### PROVIDED RECORDS
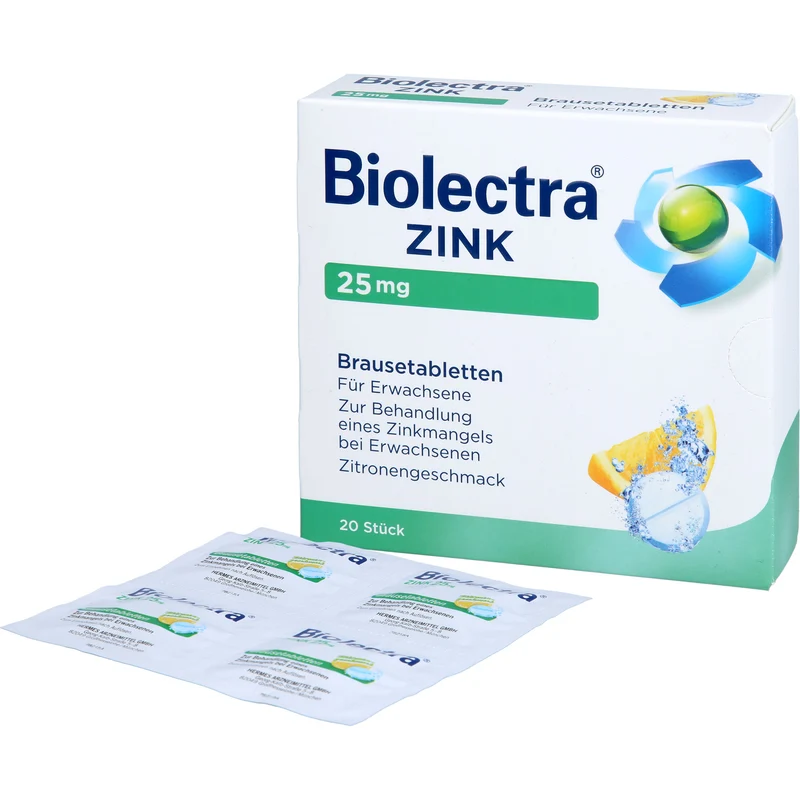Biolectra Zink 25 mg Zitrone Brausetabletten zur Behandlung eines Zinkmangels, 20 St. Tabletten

...

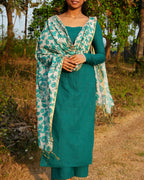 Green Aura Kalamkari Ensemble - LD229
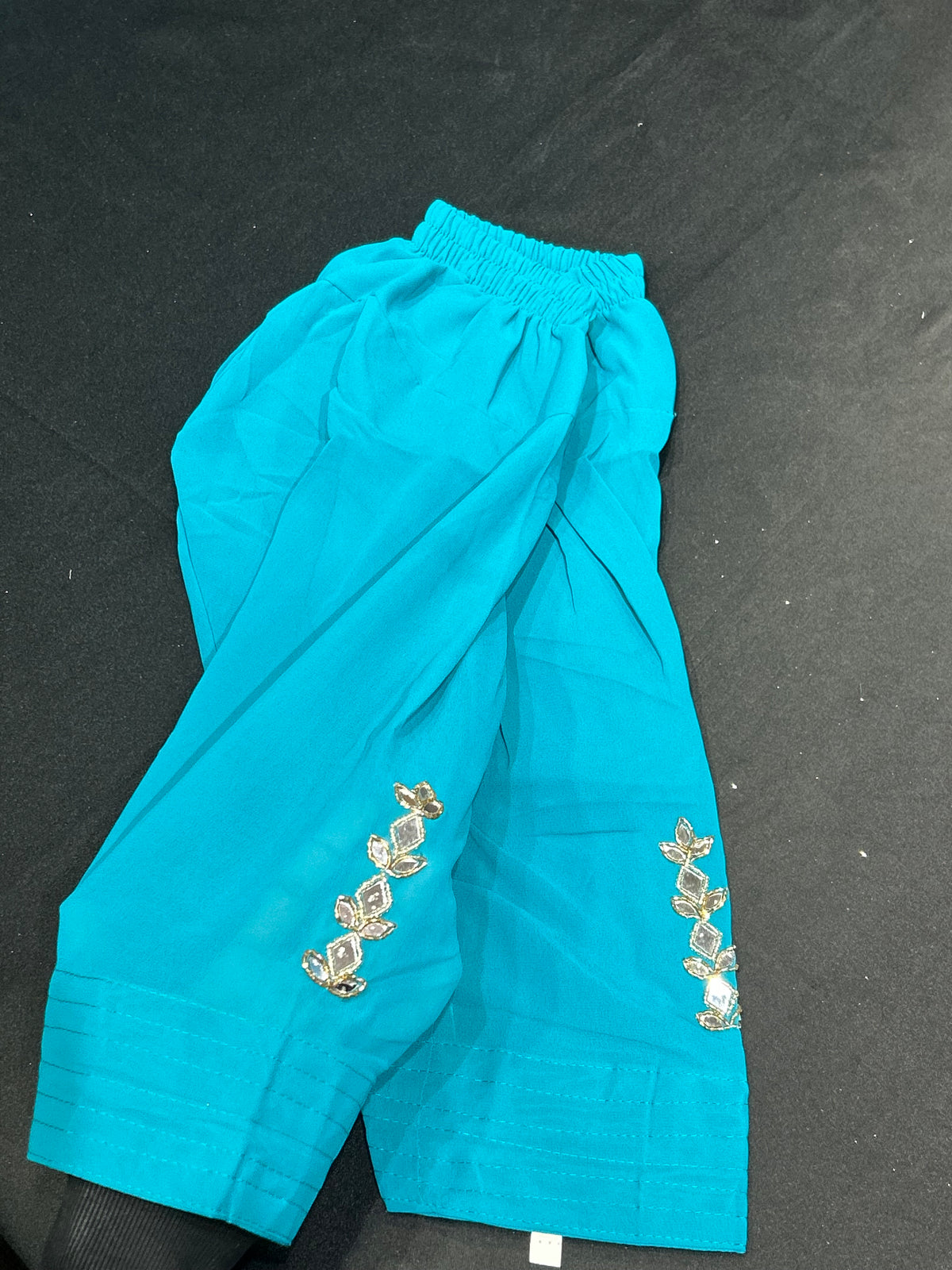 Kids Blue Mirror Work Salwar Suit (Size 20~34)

### EXERCISE DIRECTIONS
The lines above from the line with "Green Aura Kalamkari Ensemble - LD229" through the line with "Kids Blue Mirror" are to be given again word for word, with no pictures among them.

### EXPECTED OUTPUT
 Green Aura Kalamkari Ensemble - LD229
 Kids Blue Mirror Work Salwar Suit (Size 20~34)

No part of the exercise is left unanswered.